Le remede aux dietes rompues, c’est une confédération dans laquelle on décide à la pluralité des voix, sans avoir égard aux protestations des nonces ; & souvent une confédération s’éleve contre l’autre. C’est ensuite aux dietes générales à confirmer ou à casser les actes de ces confédérations. Tout cela produit de grandes convulsions dans l’état, sur-tout si les armées viennent à s’en mêler.

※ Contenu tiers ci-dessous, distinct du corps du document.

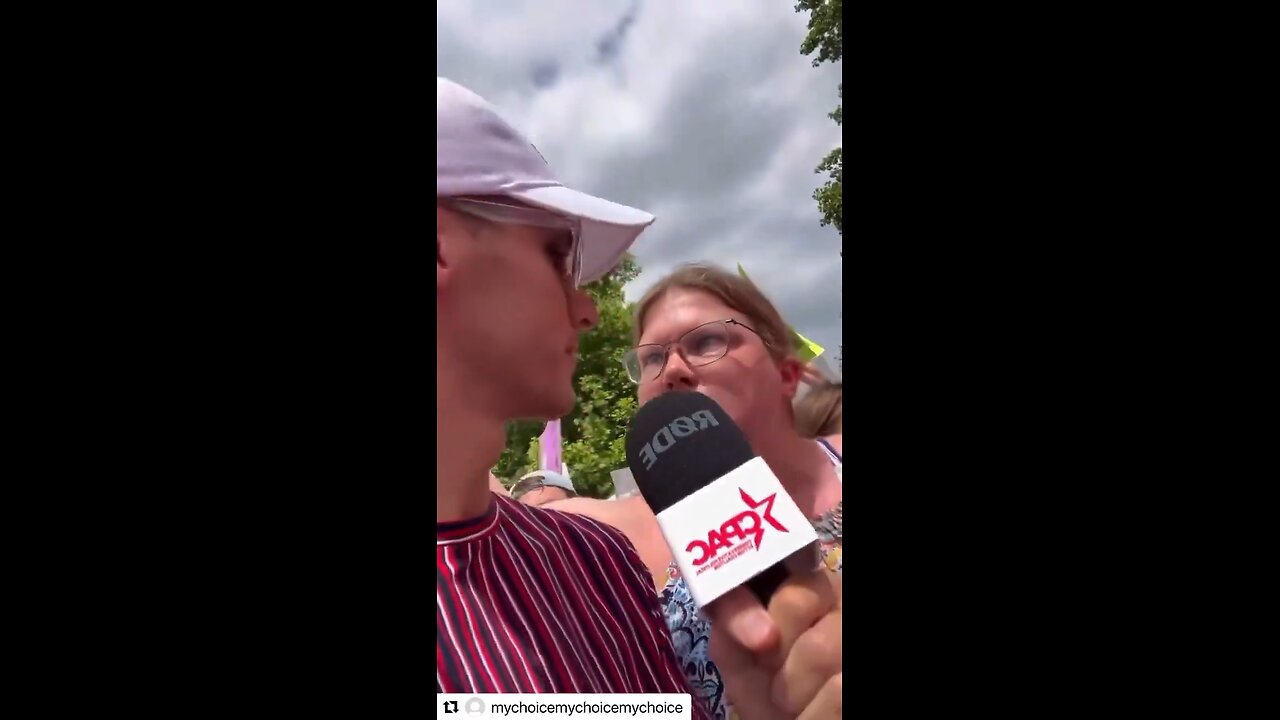 An unhinged white liberal woman loudly chants her pro-abortion stance at a rally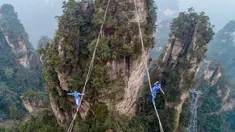 Dua kontestan berpakaian karakter Avatar berpacu sepanjang slackline di Pegunungan Huangshizhai di Zhangjiajie, Hunan, China, Minggu (23/12). Aksi tersebut dilakukan saat mengikuti slackline internasional.  (STR/AFP)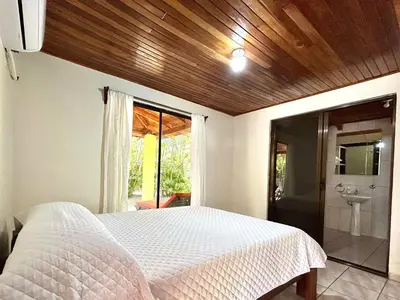 a bedroom with a white bed and a bathroom at Casa Fabis en Playa Junquillal, Playa a 600m in Santa Cruz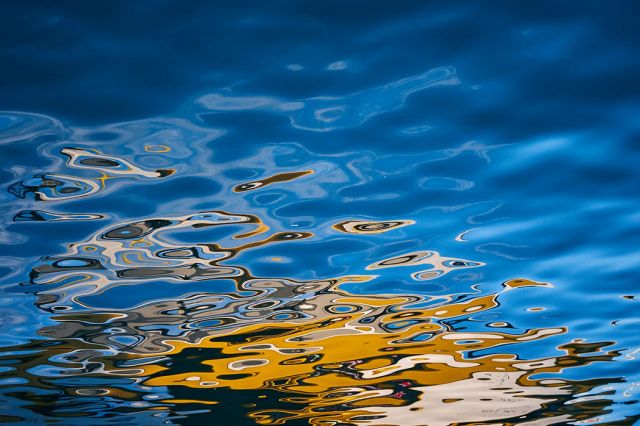 abstract photos of a boat's reflection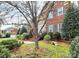 Charming brick home with a landscaped front yard, walkway, and a decorative bench at 9800 Deer Brook Ln, Charlotte, NC 28210
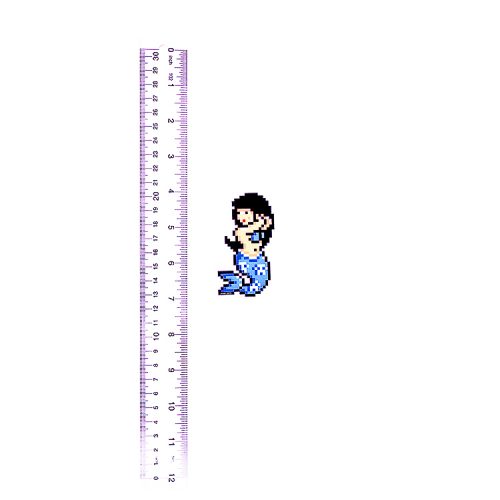 invader mermaid sticker next to ruler for scale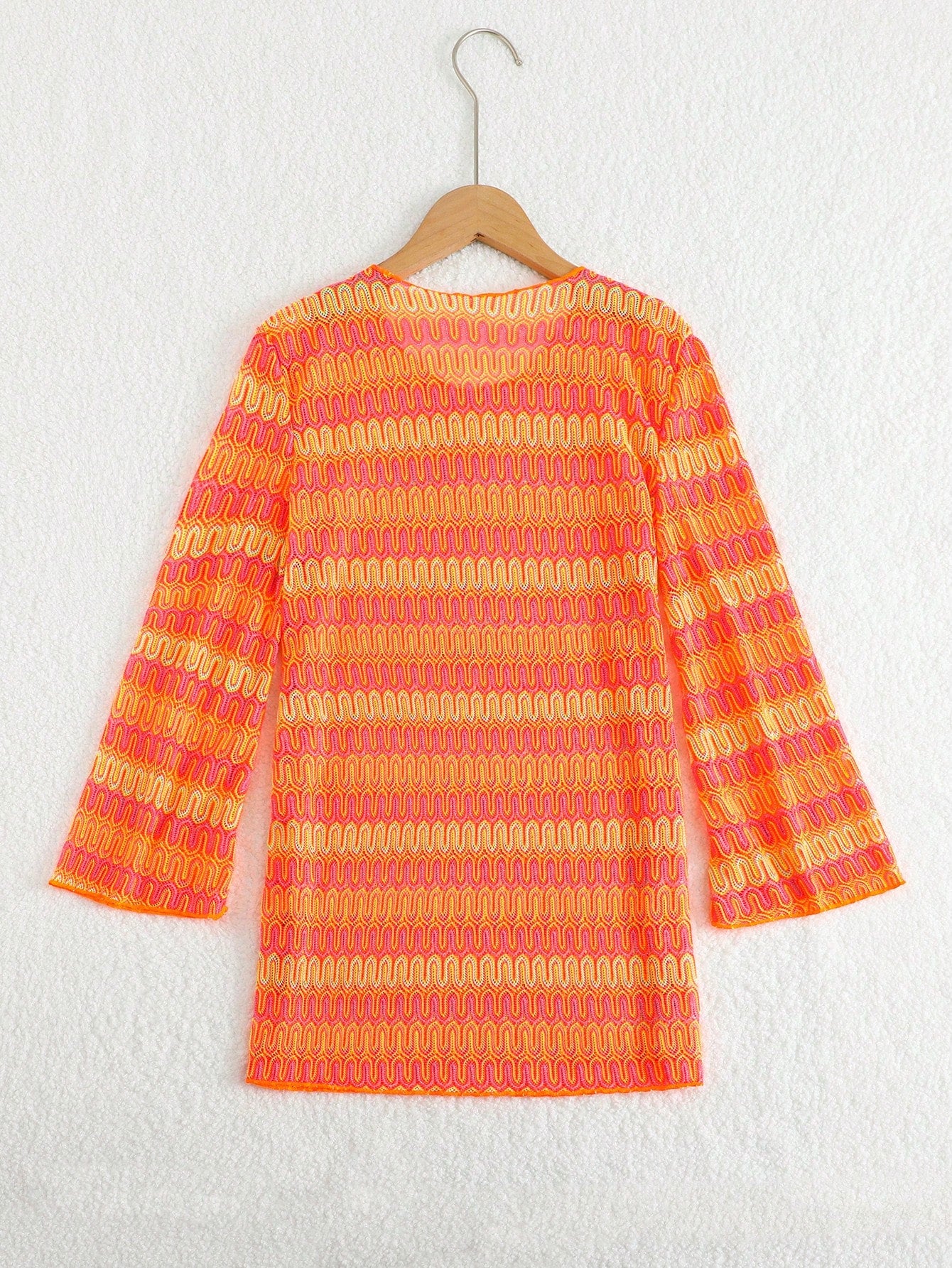 Orange long sleeve mesh swimwear cover up for tween girls with a round neck and short length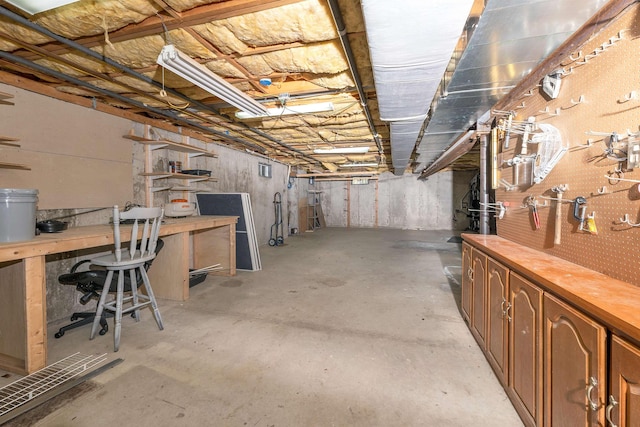unfinished below grade area featuring a workshop area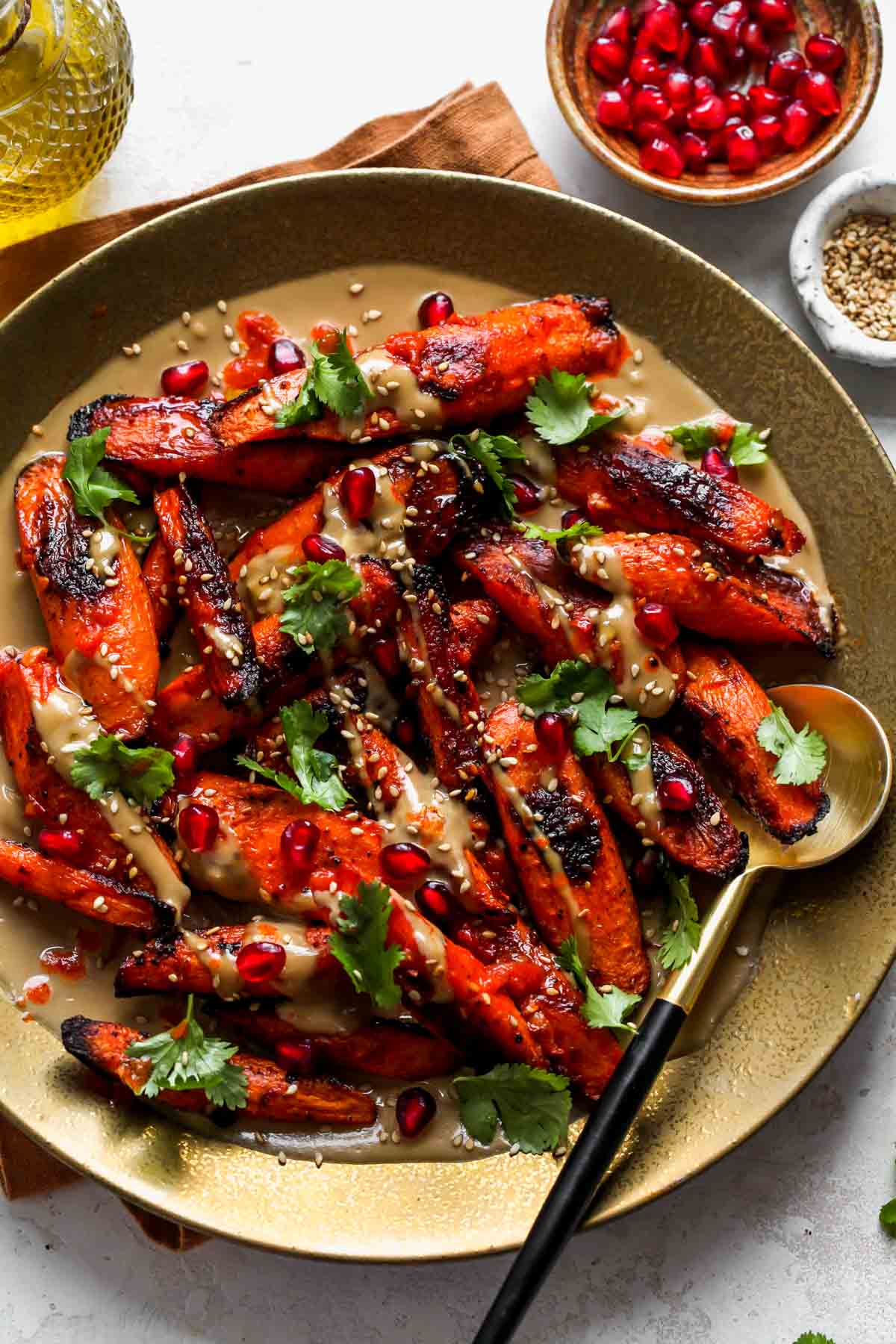Harissa Roasted Carrots on a platter with a serving spoon on the right side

Les affaires des particuliers sont mieux jugées. C’est toujours la pluralité qui décide ; mais point de juges permanens. La noblesse en crée chaque année pour former deux tribunaux souverains : l’un à Petrikow pour la grande Pologne, l’autre à Lublin pour la petite. Le grand duché de Lithuanie a aussi son tribunal. La justice s’y rend sommairement comme en Asie. Point de procureurs ni de procédures : quelques avocats seulement qu’on appelle juristes, ou bien on plaide sa cause soi-même. Une meilleure disposition encore, c’est que la justice se rendant gratuitement, le pauvre peut l’obtenir. Ces tribunaux sont vraiment souverains ; car le roi ne peut ni les prévenir par évocation, ni casser leurs arrêts.

Puisque j’en suis sur la maniere dont la justice s’exerce en Pologne, j’ajouterai qu’elle se rend selon les statuts du royaume, que Sigismond Auguste fit rédiger en un corps en 1520 ; c’est ce qu’on appelle droit polonois. Et quand il arrive certains cas qui n’y sont pas compris, on se sert du droit saxon. Les jugemens se rendent dans trois tribunaux supérieurs, à la pluralité des voix, & on peut en appeller au roi. Ces tribunaux jugent toutes les affaires civiles de la noblesse. Pour les criminelles, un gentilhomme ne peut être emprisonné, ni jugé que par le roi & le sénat.

Il n’y a point de confiscation, & la proscription n’a lieu que pour les crimes capitaux au premier chef, qui sont les meurtres, les assassinats, & la conjuration contre l’état. Si le criminel n’est point arrêté prisonnier dans l’action, il n’est pas besoin d’envoyer des soldats pour l’aller investir ; on le cite pour subir le jugement du roi & du sénat. S’il ne comparoit pas, on le déclare infâme & convaincu ; par-là il est proscrit, & tout le monde peut le tuer en le rencontrant. Chaque starostie a sa jurisdiction dans l’étendue de son territoire. On appelle des magistrats des villes au chancelier, & la diete en décide quand l’affaire est importante.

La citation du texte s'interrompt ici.